Moi, j’ai une bien petite main, si petite que je défie toutes celles de France et de Navarre de mettre mon gant. Mais, mon Dieu, qu’elle est grêle et jaunâtre ! Ils disent que je suis de race indienne par ma mère… Et voilà mon parrain qui s’en va dans la mer des Indes conduire une mission scientifique ! Qui sait s’il ne verra pas là ma vraie mère, s’il ne me la ramènera pas ! C’est peut-être une surprise qu’on me ménage ! Moi, je crois à tout ce qui me passe par la tête. Il y a des moments où je crois que mon parrain est mon père. Il y a des gens qui le croient aussi ou qui se l’imaginent. Pourtant… ma mère est morte. Oui, mamita me l’a dit si sérieusement, encore aujourd’hui, que cela est certain… Mais mon père ? Non, ce n’est pas Stéphen, il n’est pas assez riche pour…


21 août.

Pour… Que voulais-je dire hier ? — Si c’est ainsi que j’écris mon journal, je n’aurai jamais le temps de me rendre compte de tout. Je vois, en relisant ce que je n’ai pu continuer hier soir, grâce au sommeil qui m’a écrasée tout d’un coup, que je n’ai fait que babiller avec moi-même, comme font les serins en cage, et que je n’ai rien raconté au papier de l’emploi de ma journée.

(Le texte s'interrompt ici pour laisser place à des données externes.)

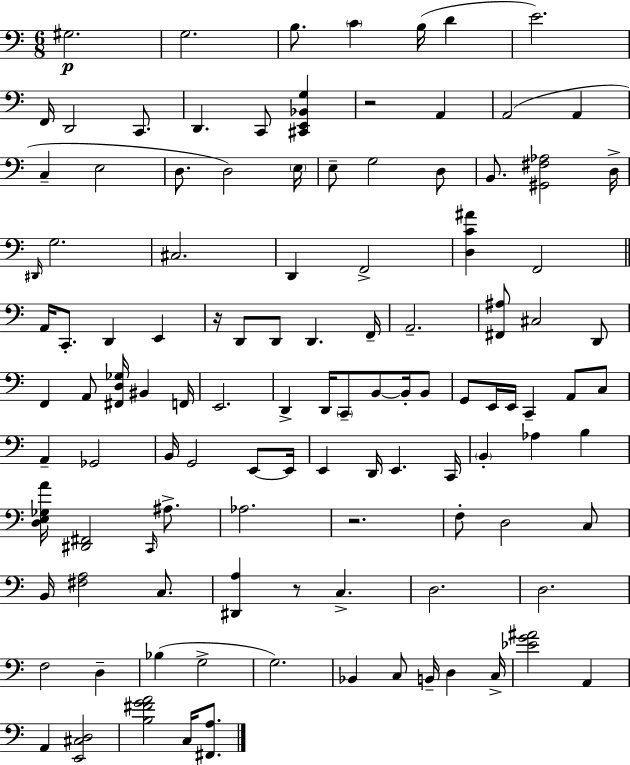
X:1
T:Untitled
M:6/8
L:1/4
K:C
^G,2 G,2 B,/2 C B,/4 D E2 F,,/4 D,,2 C,,/2 D,, C,,/2 [^C,,E,,_B,,G,] z2 A,, A,,2 A,, C, E,2 D,/2 D,2 E,/4 E,/2 G,2 D,/2 B,,/2 [^G,,^F,_A,]2 D,/4 ^D,,/4 G,2 ^C,2 D,, F,,2 [D,C^A] F,,2 A,,/4 C,,/2 D,, E,, z/4 D,,/2 D,,/2 D,, F,,/4 A,,2 [^F,,^A,]/2 ^C,2 D,,/2 F,, A,,/2 [^F,,D,_G,]/4 ^B,, F,,/4 E,,2 D,, D,,/4 C,,/2 B,,/2 B,,/4 B,,/2 G,,/2 E,,/4 E,,/4 C,, A,,/2 C,/2 A,, _G,,2 B,,/4 G,,2 E,,/2 E,,/4 E,, D,,/4 E,, C,,/4 B,, _A, B, [D,E,_G,A]/4 [^D,,^F,,]2 C,,/4 ^A,/2 _A,2 z2 F,/2 D,2 C,/2 B,,/4 [^F,A,]2 C,/2 [^D,,A,] z/2 C, D,2 D,2 F,2 D, _B, G,2 G,2 _B,, C,/2 B,,/4 D, C,/4 [_EG^A]2 A,, A,, [E,,^C,D,]2 [B,^FGA]2 C,/4 [^F,,A,]/2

N’importe. Celle d’aujourd’hui n’a rien amené de bien intéressant. Je vais reprendre celle de mon anniversaire ; ce n’est pas tous les jours fête.

J’étais à peine levée, que mes deux mamans sont venues m’embrasser et me dire qu’il fallait me dépêcher de m’habiller, parce qu’il y avait en bas quelque chose pour moi.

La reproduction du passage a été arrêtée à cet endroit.